Your work is going to fill a large part of your life, and the only way to be truly satisfied is to do what you believe is great work. And the only way to do great work is to love what you do. If you haven’t found it yet, keep looking. Don’t settle. As with all matters of the heart, you’ll know when you find it.
Last night I quit my job.
Well, technically I put in notice a while ago, but last night was my last night on the job. Without going into specifics as to the original reasons behind the transition, I’d like to make an important point: I was angry… Angry at my employer. This is important because regardless of my disdain for my boss, I still felt an incredible sense of loss and longing the moment I stepped out the door for the last time.
Everyone knows that quitting a job is akin to breaking up with a long-time partner. However, this was far more severe. Last night I walked out on a career; not just a job or an employer, but an entire profession. So as I turned in my company property, I was effectively handing over my identity. While it’s true that I’ve moonlighted as a freelance developer since ~2008, it’s always taken a backseat to my career field: Transportation & Logistics. And last night I walked away from that industry to follow a dream.
To be honest, I had been looking for reasons to leave the field. I just didn’t expect things to happen quite as fast as they did. After my heart attack last year, I no longer felt comfortable driving an 80,000lb missile down the road. Granted, I had learned firsthand through the miracles of modern medicine and technology, that you can survive a heart attack. However, my confidence in my ability to survive a heart attack (should another occur) whilst driving a semi-truck at 70mph was a bit lacking. This led to me taking a very substantial pay cut in order to move to an office position.
Now that I had more free time, as I had now gone from working nearly 80hrs/wk to working just 40hrs/wk, I started to rekindle my love for coding. As time passed, and I became confident with my skills again, an old contact of mine reached out to me with a few small freelance jobs. With these small odd jobs behind me, we started to talk seriously about the possibility of him needing a full time developer at some point in the hypothetical future.
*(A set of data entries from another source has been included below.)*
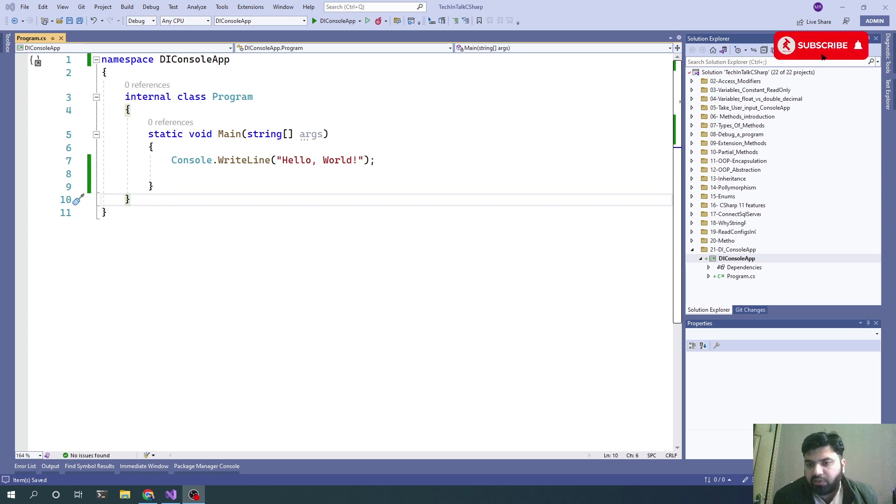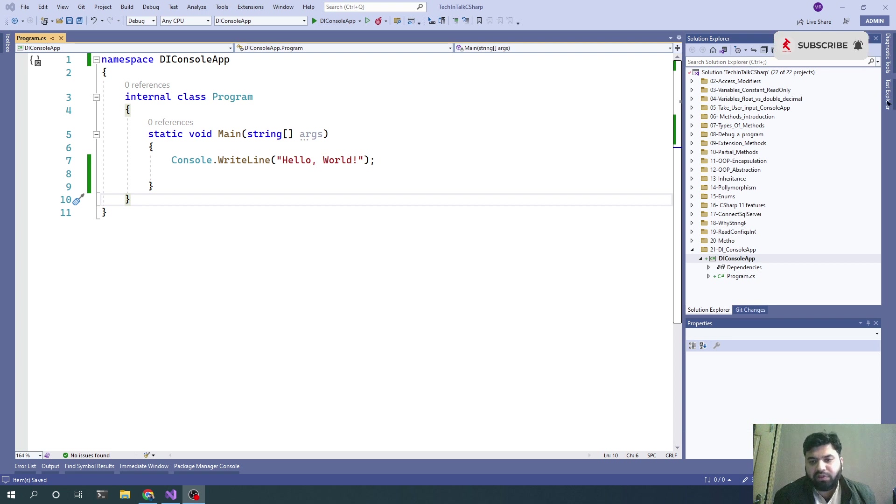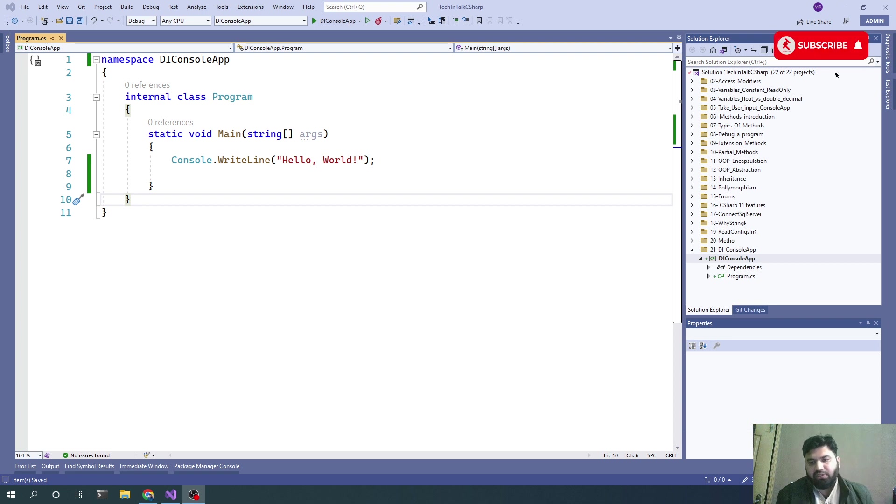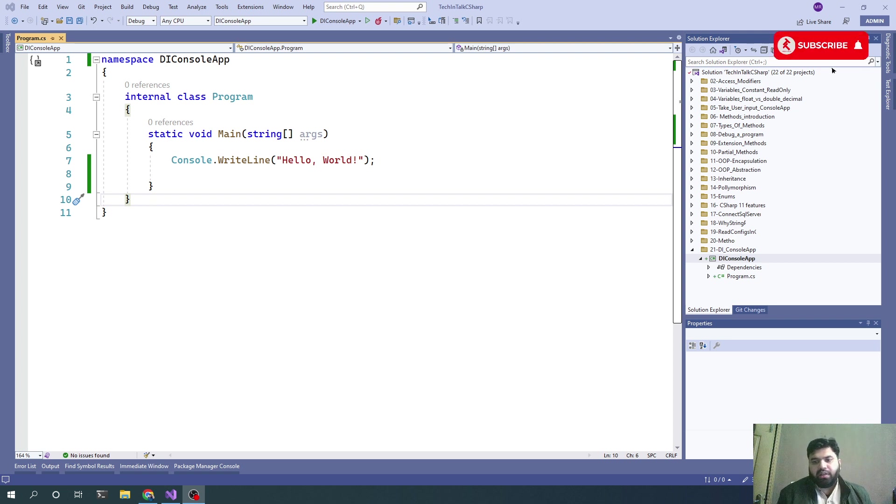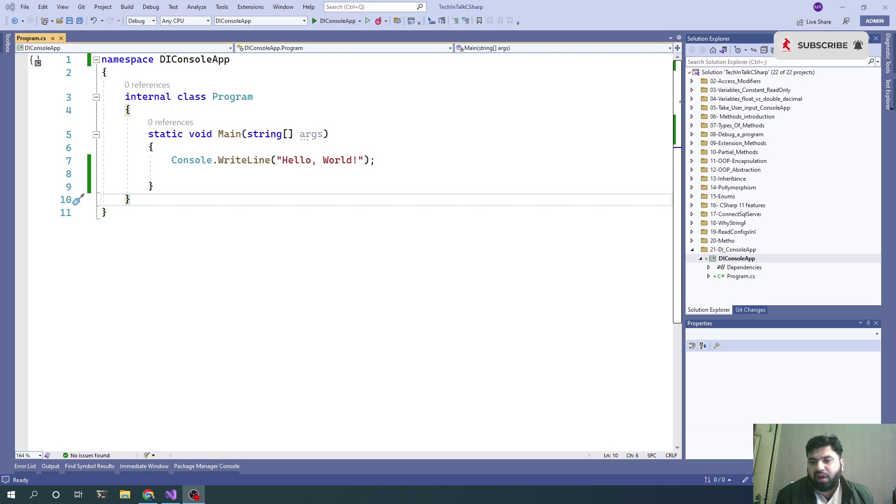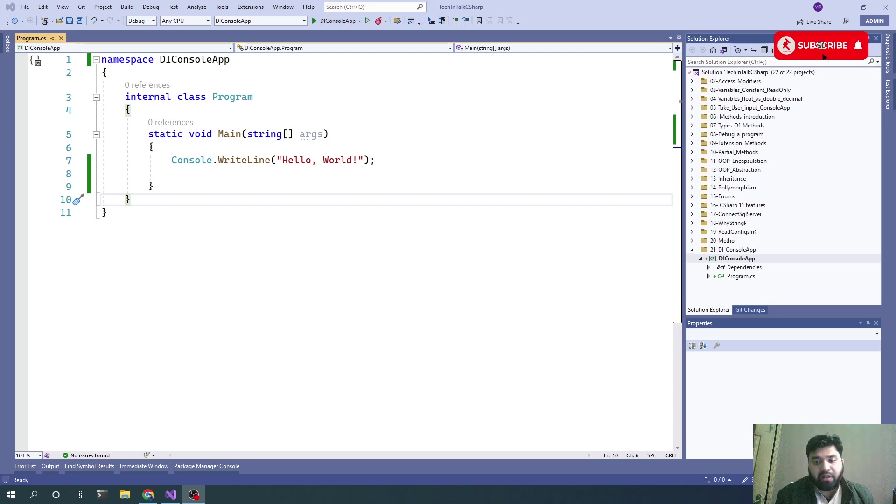Dependency injection is a pattern where we ask for an object and that object will be provided without creating or constructing that object manually.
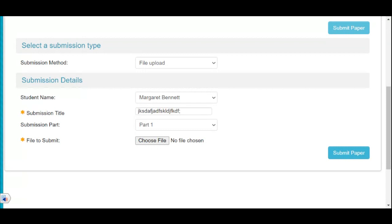Once you find your file, double-click it to upload, then select 'Submit Paper.' If your submission is successful, a green band will appear across the top of the page, and they'll also give you a receipt with a document number. If unsuccessful, there will be a red band with notes explaining why. Now let me show you how to retrieve feedback since we're having this live lecture.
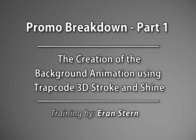Hey, this is Eran Stern with a very exciting tutorial. Actually, this is again a two-part lesson, but a very unique one.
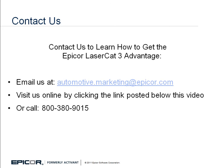PartExpert Editor is a powerful tool that lets you modify the way catalog data is displayed on your system so you can fine-tune LaserCat 3 to best suit the needs of your business. Are you interested in learning more? Contact us to learn how to get the Epicor LaserCat 3 Advantage. Email us at automotive.marketing at epicor.com. Visit us online by clicking the link posted below this video or call 800-380-9015.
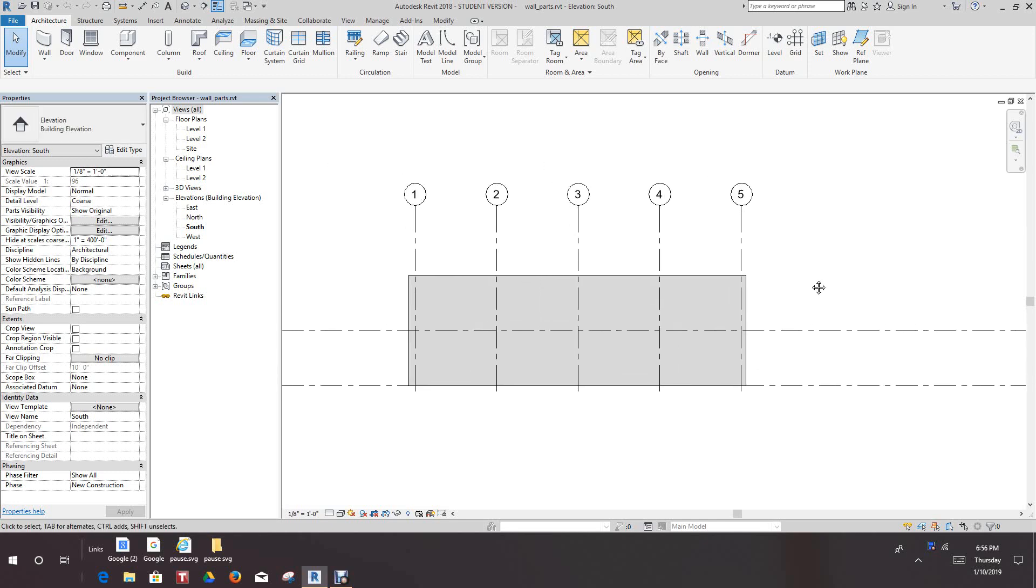Hello everybody. Once again, we're back with more Revit training. In this exercise, we're going to divide a wall into parts. So, let's get started.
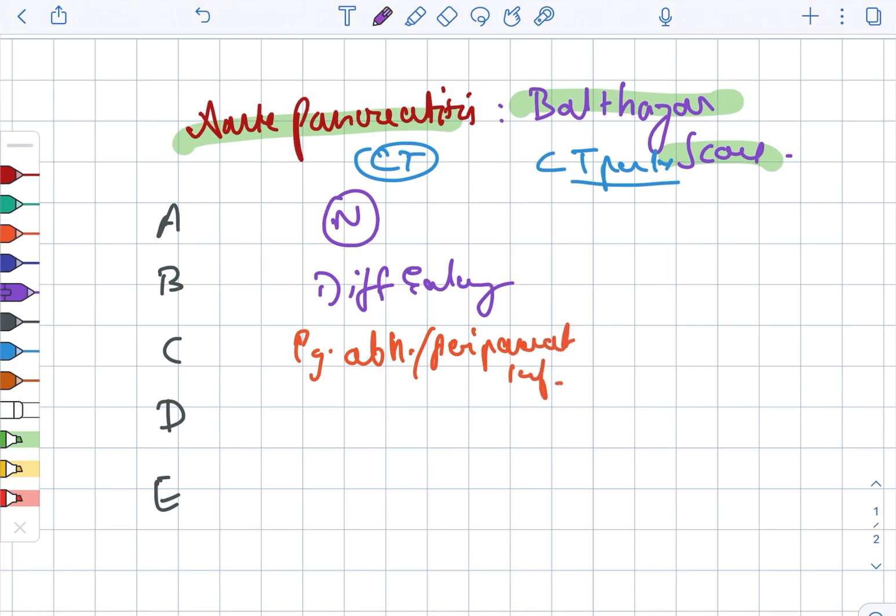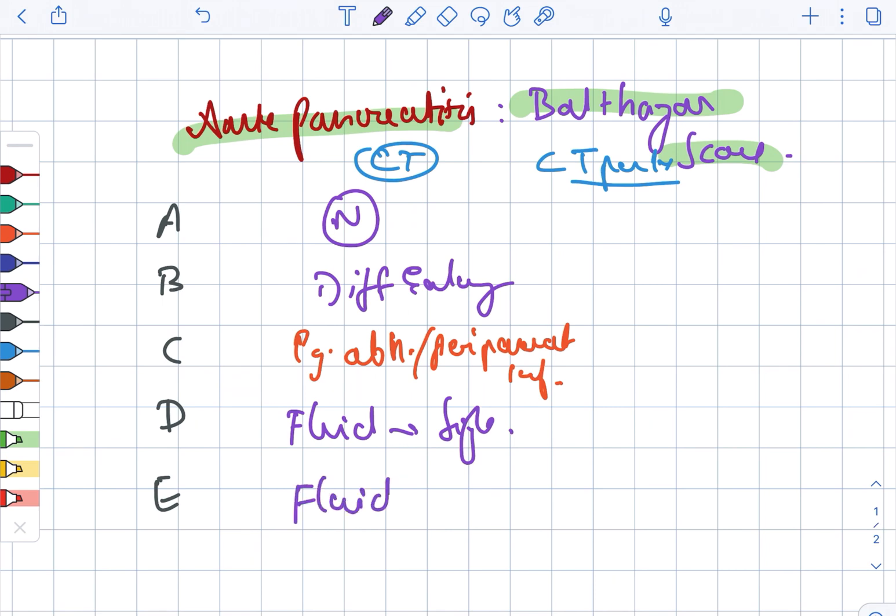Next, we are looking at Grade D. In case of Grade D, there is a fluid collection present at a single site. In case of Grade E, there is a fluid collection present in multiple sites.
Honestly, I didn’t really put too much stock in anything happening in the foreseeable future. However, after venting to him about the plight of my situation at work one day, he made me an offer I couldn’t refuse. And now, here I am. One foot leading the other, down a path I’ve never wandered. Leaving all that was secure and comfortable behind me in search of a dream.
I rarely make new friends. It’s an unfortunate side effect of being anti-social and having a general dislike of people. However, the handful of people with which I had formed friendships at my past employer are going to be deeply missed. I certainly hope that they don’t become strangers.